As of April 30, agricultural damage due to El Niño amounted to P5.9 billion. Rice was the most affected crop, responsible for 53.21% of total agricultural damage, amounting to €3.14 billion.

Pantheon Chief Emerging Asia Economist Miguel Chanco said the rebound in AprilFThe increase was caused by the acceleration of food importsFsituation that will continue.

“This statistical momentum will continue into May – likely pushing headlines temporarily and marginally above the 4% upper limit of the BSP target range – before declining substantially from June to September,” he said in a note.

Following April’s CPI figures, analysts expect the central bank to keep borrowing costs stable for the fifth time in a row at its meeting this month.

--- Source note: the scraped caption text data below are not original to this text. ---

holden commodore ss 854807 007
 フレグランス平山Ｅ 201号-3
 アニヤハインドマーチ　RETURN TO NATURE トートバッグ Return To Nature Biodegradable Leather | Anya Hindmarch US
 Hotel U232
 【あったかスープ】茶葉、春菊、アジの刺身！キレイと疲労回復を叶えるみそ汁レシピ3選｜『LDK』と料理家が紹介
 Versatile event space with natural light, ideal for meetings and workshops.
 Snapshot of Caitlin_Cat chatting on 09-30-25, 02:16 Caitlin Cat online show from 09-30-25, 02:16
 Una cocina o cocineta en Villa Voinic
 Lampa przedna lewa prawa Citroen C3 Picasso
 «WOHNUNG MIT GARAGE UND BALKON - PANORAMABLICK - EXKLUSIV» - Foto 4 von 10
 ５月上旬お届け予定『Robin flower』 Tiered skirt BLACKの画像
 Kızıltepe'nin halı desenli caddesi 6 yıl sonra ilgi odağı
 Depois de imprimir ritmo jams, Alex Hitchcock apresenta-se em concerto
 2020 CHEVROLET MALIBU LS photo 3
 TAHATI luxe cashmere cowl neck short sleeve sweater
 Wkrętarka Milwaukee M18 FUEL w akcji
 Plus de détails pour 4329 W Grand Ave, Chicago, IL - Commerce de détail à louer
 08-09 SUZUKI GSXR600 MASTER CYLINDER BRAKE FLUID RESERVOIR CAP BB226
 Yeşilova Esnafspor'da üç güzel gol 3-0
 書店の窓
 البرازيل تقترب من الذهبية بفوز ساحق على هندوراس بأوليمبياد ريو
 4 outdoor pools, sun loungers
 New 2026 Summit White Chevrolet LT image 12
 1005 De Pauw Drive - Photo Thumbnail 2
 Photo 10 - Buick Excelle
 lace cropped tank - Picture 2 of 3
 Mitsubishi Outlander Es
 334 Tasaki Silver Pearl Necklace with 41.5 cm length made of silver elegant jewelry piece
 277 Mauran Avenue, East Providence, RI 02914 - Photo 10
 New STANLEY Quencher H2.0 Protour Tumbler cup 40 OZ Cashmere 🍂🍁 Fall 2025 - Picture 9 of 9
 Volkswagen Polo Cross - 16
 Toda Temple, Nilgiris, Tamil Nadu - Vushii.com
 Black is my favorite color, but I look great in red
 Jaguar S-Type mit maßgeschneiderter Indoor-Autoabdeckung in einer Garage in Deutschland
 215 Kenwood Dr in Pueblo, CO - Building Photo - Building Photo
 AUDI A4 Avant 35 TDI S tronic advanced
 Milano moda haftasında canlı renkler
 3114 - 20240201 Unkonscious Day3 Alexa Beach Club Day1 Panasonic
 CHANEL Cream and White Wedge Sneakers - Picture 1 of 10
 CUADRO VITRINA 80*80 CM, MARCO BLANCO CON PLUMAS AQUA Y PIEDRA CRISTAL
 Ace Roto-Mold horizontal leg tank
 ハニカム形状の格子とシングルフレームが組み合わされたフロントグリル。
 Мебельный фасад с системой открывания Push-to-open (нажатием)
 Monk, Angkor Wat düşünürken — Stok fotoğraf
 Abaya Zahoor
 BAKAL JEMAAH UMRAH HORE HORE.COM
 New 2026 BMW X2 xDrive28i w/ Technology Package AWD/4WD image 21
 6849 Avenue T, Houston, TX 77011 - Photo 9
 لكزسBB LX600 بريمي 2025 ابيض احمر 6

“(In theFThe report reduces pressure on the BSP to resort to additional tightening to fend off price pressures,” said Nicholas Antonio T. Mapa, senior economist at ING Bank NV Manila.

“BSP Governor Eli M. Remolona Jr. believes that the monetary policy settings are appropriate and we expect the BSP to maintain all policy settings at their policy meeting on May 16,” he added.

The Monetary Board kept its benchmark interest rate at a nearly 17-year high of 6.5% in April, after cumulative hikes of 450 basis points from May 2022 to October 2023 to help lower rates.Flat.

Rizal Commercial Banking Corp. Chief Economist Michael L. Ricafort said April inflation is within the BSP’s target for the economy. FIf the next month in a row could support interest rate cuts later this year.

Mr Chanco added that interest rate cuts could begin at the June 27 Monetary Board meeting.

“This call is also based on the assumption that Thursday’s first quarter GDP report will disappoint significantly, ultimately weighing more on the Governing Council’s thoughts next month on a likely short-lived breach of its expectations.Ftarget in the May CPI report,” he said.

a Business a poll of 20 economists and analysts last week yielded an average GDP growth estimate of 5.9% for the Ffirst quarter.

“We maintain our view that full-year inflation would remain within target this year, which would allow room for the BSP to begin its monetary easing cycle, likely at year-end. Flast quarter of the year,” Chinabank Research added.